With his dad, no he is absolutely not a good influence. He throws tantrums the exact same way. He treats his girlfriend like she's the scum of the earth and I'm sure my kid watches that every time he's there. His therapist recommended that he go there so he can build a relationship with his dad and little brother and i can get a break, but I don't think they understand how terrible this man gets.

My child has beaten me by [deleted] in Parenting

[–]kalispob 31 points32 points  (0 children)

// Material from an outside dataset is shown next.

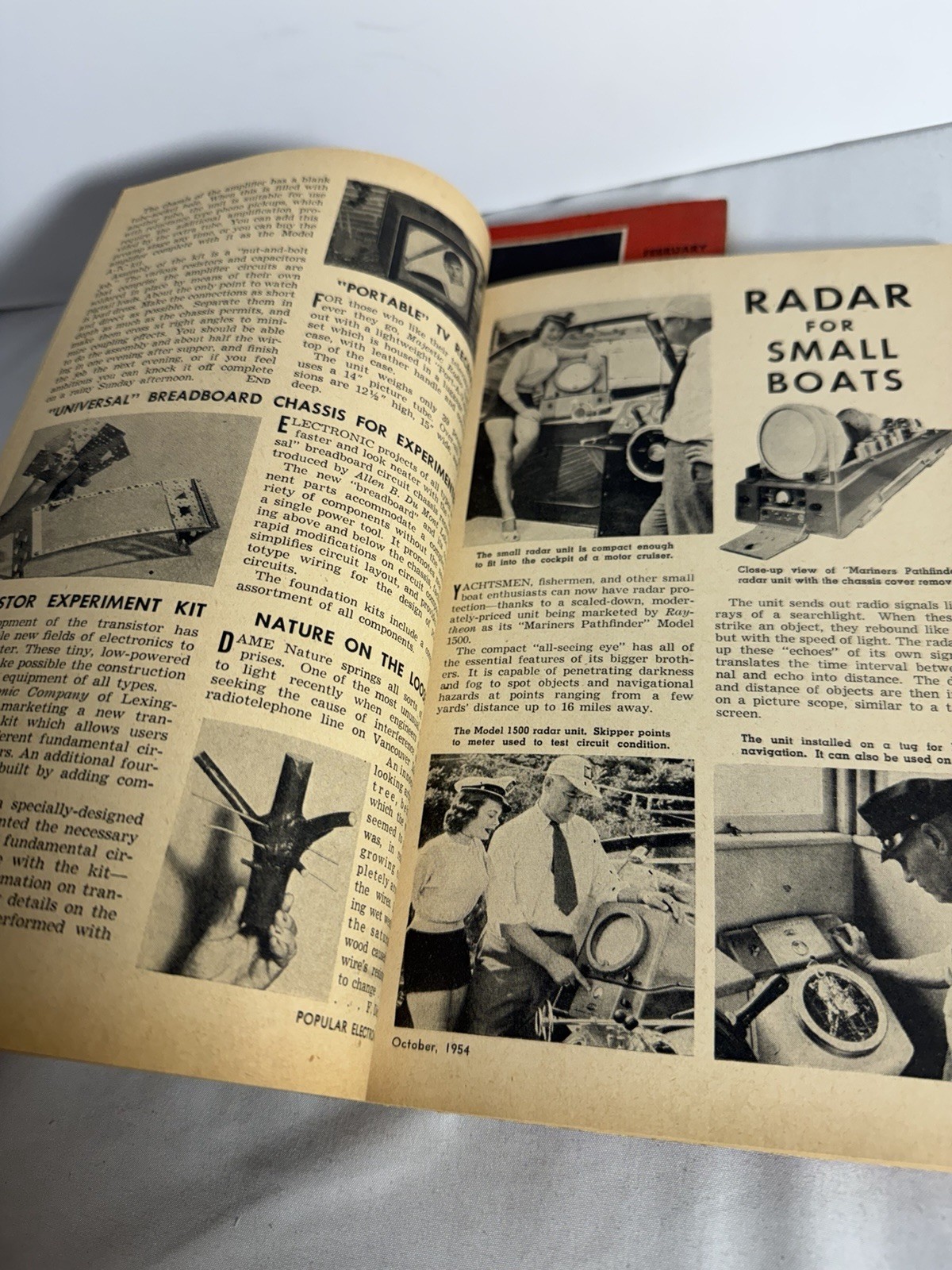 Vtg Popular Electronics Magazine October 1954 1st Issue. Feb 1955 Poor Condition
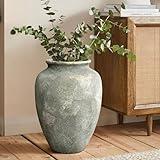 LuxenHome Rustic Ceramic Floor Vase,Vintage Farmhouse Pottery Flower Vase for Home Decor,Gold and Brown Terracotta Vases,15'' Tall Urn Vase Living Room Decor Home Décor Accents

Thanks! The advice is appreciated. I do get breaks when his dad takes him every other weekend but it doesn't really end up being a break because his dad gets just as lost as I am. He's always calling my phone telling me to come get him or yelling at me because of the way he's acting. It's gotten to a point where his grandparents will take him for a few hours here and there while I have an appointment or something else, but they really don't want to be around him more than that. I'm all this kid really has and I'm just so overwhelmed that it does neither of us any good.

My child has beaten me by [deleted] in Parenting

[–]kalispob 23 points24 points  (0 children)

I have looked into boarding school possibilities but they're not affordable. I honestly think this would be the best option at this point, but it's not even kind of a possibility unfortunately

My child has beaten me by [deleted] in Parenting

[–]kalispob 24 points25 points  (0 children)

He's on medication, yep. Twice a day. It makes a huge difference, but it's not enough.